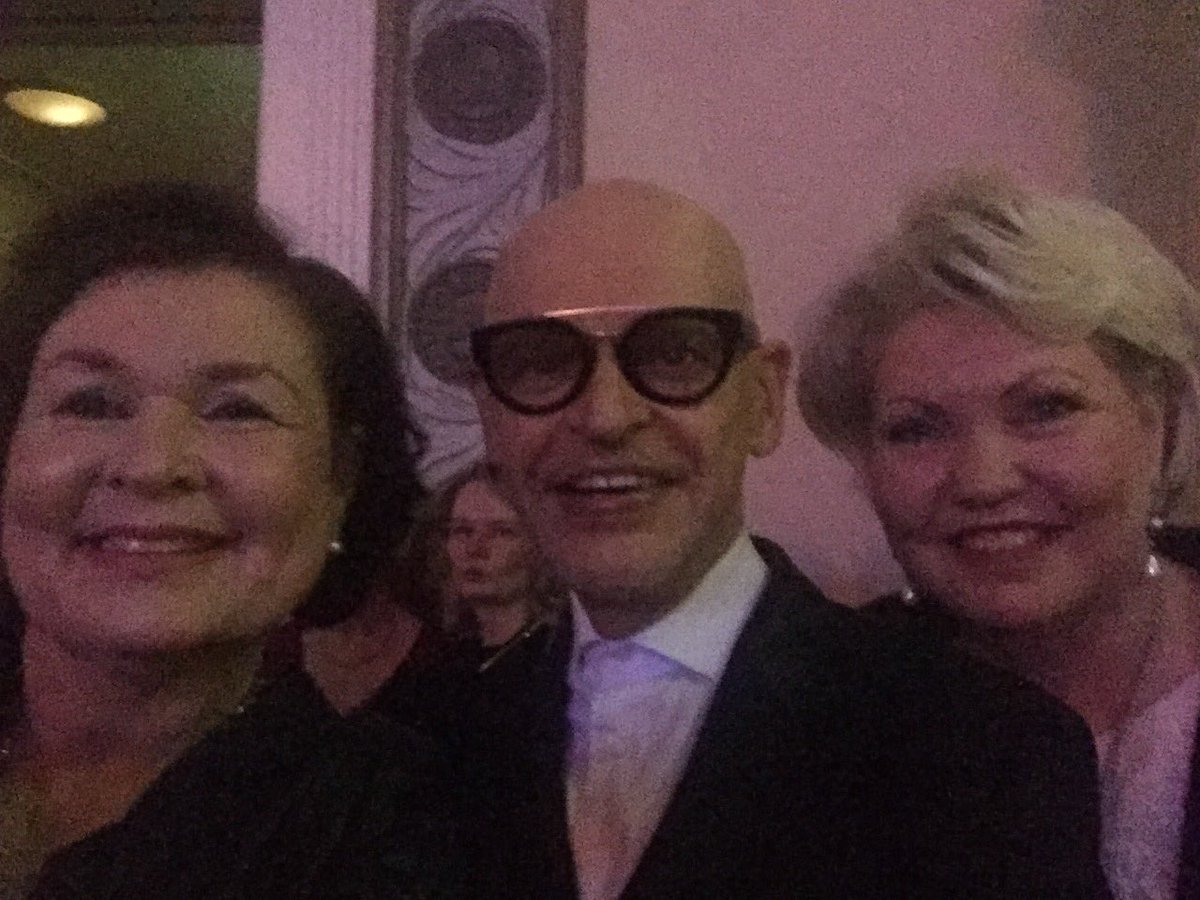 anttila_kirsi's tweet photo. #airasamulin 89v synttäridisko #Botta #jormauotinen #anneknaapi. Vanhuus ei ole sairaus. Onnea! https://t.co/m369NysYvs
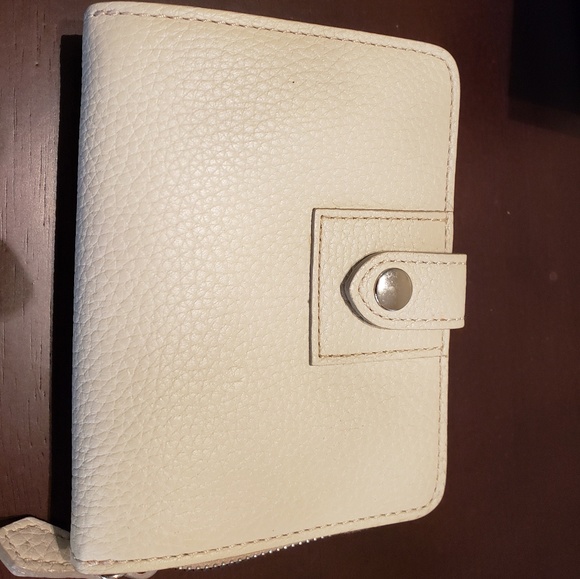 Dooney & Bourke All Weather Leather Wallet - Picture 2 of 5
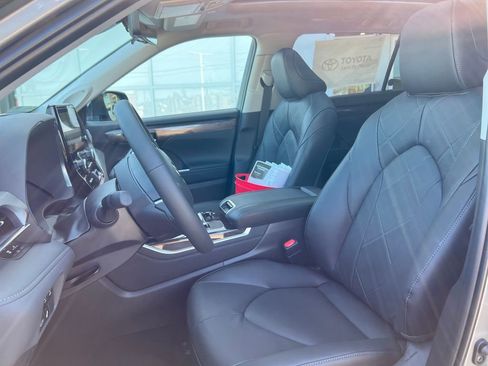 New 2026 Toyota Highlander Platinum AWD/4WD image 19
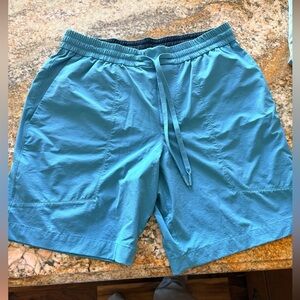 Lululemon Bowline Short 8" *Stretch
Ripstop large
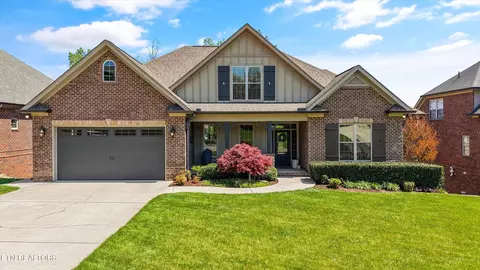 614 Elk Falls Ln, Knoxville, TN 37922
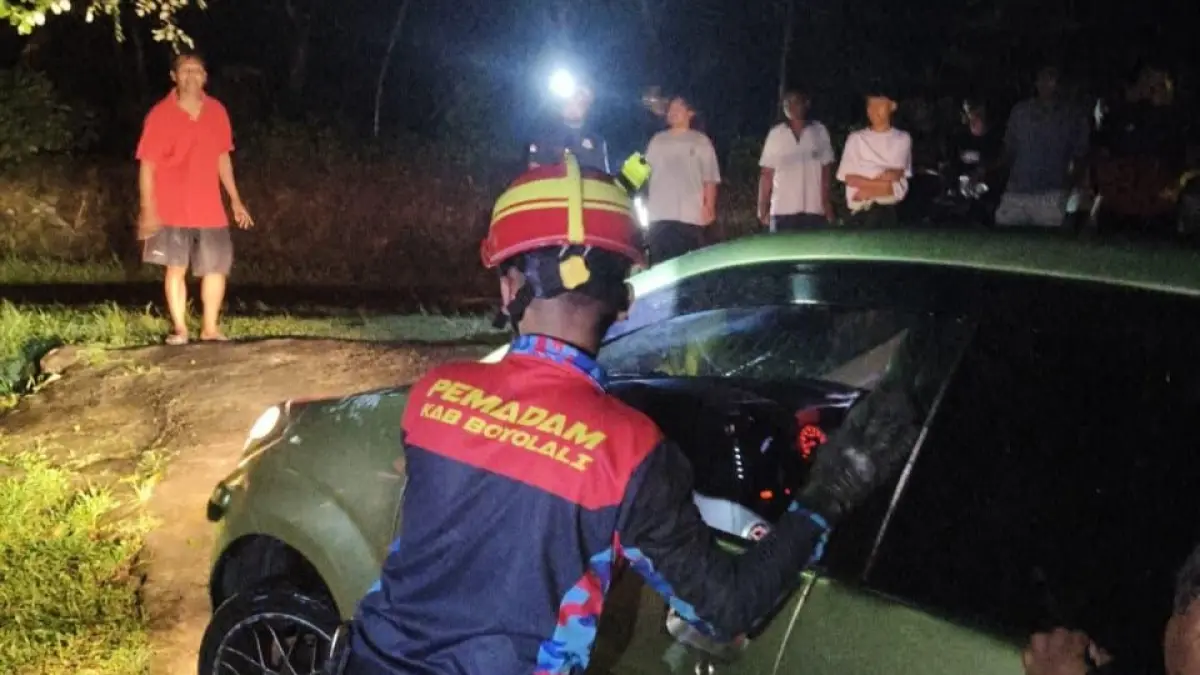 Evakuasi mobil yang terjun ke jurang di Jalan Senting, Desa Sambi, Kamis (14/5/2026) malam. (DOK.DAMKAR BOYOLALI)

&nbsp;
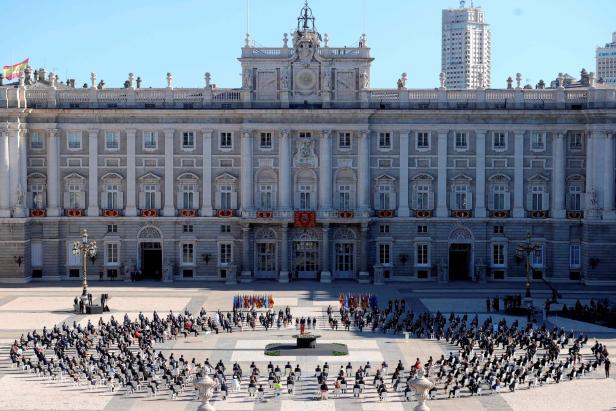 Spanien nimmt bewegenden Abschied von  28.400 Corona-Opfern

━━━━━━

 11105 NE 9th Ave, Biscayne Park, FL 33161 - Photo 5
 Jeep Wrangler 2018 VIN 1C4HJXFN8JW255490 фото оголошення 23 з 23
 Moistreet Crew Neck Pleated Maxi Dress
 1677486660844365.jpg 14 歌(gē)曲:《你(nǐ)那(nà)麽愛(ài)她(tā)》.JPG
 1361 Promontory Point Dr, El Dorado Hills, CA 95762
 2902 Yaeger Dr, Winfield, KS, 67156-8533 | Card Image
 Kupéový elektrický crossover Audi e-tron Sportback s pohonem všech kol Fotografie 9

━━━━━━

Working from the records above, set down word for word everything from the line containing "anttila_kirsi's tweet photo." down to the line containing "Ripstop large", ends included, minus the pictures.

Answer to the exercise >>
 anttila_kirsi's tweet photo. #airasamulin 89v synttäridisko #Botta #jormauotinen #anneknaapi. Vanhuus ei ole sairaus. Onnea! https://t.co/m369NysYvs
 Dooney & Bourke All Weather Leather Wallet - Picture 2 of 5
 New 2026 Toyota Highlander Platinum AWD/4WD image 19
 Lululemon Bowline Short 8" *Stretch
Ripstop large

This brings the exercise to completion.